Three days ago, I’d never heard of a rover called Opportunity or the Valley of Perseverance. I first heard about it from the Holy Spirit himself. I’m in one of those seasons right now. It isn’t darkness, exactly, but it is dimmer than usual. There is a subtle resistance in my spirit, a sense that I’m having to work just to keep moving, having to press through when I’d rather lay low. We all have those times when it feels more like walking through mud than walking on water, and I’m in one of those. I wouldn’t classify it as depression or doubt or fear or even anxiety.
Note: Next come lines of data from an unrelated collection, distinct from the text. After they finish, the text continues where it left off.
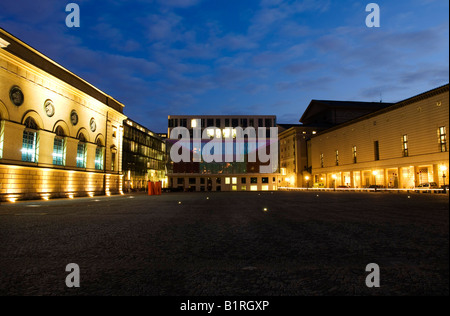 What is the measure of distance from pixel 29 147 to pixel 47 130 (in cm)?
252

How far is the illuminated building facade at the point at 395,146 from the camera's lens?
4094 cm

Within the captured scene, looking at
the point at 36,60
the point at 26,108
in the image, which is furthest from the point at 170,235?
the point at 36,60

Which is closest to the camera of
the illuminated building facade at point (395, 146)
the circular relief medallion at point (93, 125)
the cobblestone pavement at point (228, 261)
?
the cobblestone pavement at point (228, 261)

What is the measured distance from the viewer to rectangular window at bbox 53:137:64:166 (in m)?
27.8

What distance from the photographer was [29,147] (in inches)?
962

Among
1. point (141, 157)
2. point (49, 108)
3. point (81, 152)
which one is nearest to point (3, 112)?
point (49, 108)

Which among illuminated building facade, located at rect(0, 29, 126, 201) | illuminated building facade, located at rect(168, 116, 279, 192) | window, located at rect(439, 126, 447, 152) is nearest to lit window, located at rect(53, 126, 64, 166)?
illuminated building facade, located at rect(0, 29, 126, 201)

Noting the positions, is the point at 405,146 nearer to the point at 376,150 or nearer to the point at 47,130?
the point at 376,150

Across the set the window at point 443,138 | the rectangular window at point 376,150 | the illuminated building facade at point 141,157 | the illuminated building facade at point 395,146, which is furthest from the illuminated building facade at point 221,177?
the window at point 443,138

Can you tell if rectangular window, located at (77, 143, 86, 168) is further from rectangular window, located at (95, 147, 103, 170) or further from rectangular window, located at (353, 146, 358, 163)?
rectangular window, located at (353, 146, 358, 163)

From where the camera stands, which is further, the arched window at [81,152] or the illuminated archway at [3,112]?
the arched window at [81,152]

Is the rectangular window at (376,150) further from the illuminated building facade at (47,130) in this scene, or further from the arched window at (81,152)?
the arched window at (81,152)

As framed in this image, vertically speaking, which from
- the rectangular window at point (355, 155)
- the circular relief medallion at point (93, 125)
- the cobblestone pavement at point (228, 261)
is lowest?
the cobblestone pavement at point (228, 261)

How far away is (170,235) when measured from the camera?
6.16m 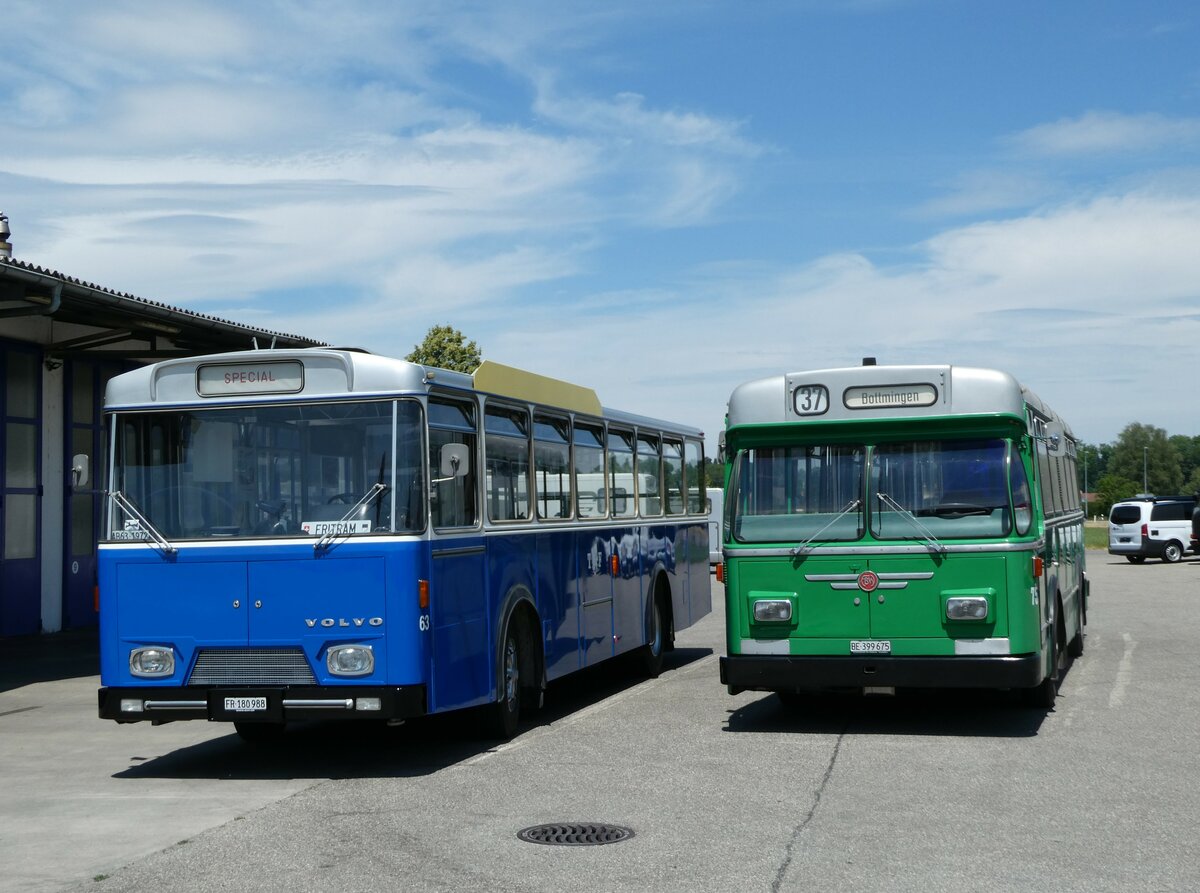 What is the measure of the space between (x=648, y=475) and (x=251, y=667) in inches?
289

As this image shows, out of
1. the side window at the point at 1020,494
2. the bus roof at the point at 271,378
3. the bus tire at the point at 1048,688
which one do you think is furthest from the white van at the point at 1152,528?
the bus roof at the point at 271,378

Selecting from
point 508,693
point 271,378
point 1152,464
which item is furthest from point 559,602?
point 1152,464

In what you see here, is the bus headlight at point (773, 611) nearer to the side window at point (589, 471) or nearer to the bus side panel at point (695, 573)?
the side window at point (589, 471)

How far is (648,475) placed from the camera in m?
16.8

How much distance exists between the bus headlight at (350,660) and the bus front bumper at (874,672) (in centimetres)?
325

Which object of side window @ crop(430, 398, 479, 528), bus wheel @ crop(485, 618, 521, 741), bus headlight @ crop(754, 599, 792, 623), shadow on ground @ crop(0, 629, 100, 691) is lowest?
shadow on ground @ crop(0, 629, 100, 691)

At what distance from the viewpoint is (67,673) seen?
17.6 metres

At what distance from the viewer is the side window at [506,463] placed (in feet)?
38.0

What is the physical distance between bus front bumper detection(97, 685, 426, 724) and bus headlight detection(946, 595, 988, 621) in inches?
160

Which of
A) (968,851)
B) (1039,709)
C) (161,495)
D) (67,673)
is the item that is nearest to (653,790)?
(968,851)

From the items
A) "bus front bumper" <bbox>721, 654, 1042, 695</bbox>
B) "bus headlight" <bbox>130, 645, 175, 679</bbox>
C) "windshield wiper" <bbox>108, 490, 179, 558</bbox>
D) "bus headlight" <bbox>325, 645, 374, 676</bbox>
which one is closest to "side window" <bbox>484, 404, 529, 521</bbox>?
"bus headlight" <bbox>325, 645, 374, 676</bbox>

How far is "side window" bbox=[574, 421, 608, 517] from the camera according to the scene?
46.4 feet

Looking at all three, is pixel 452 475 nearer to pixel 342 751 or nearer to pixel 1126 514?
pixel 342 751

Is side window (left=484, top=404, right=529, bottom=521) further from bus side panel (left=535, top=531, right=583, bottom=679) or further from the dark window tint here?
the dark window tint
Nor is this a time when God seems silent. To the contrary, he seems remarkably close. My times in his presence are rich. I can hear his voice. That makes me suspect there is more to this season than a bad mood.

But what to call it, then? When I asked the Lord about it — “Lord, am I sliding backward? Am I spiraling down into an old familiar darkness?” — here’s what I heard: “This is the Valley of Perseverance.” I’d never heard of such a valley. I assumed it was in the Bible somewhere, but I couldn’t recall where so I looked it up.

It isn’t in there.

The Valley of Perseverance is a place on Mars, and I’m just finding out about it though it happens to be in the news right now. Earlier this year the rover named Opportunity got stuck there. Somewhere in mid-June, a dust storm kicked up, a big one that has since grown to epic proportions. Because Opportunity is powered by solar energy, the severe dust is keeping the rover’s solar panels from being able to absorb light. So now, two months into this storm, there sits Opportunity surrounded by dust and grounded, unable to charge its batteries for the lack of light.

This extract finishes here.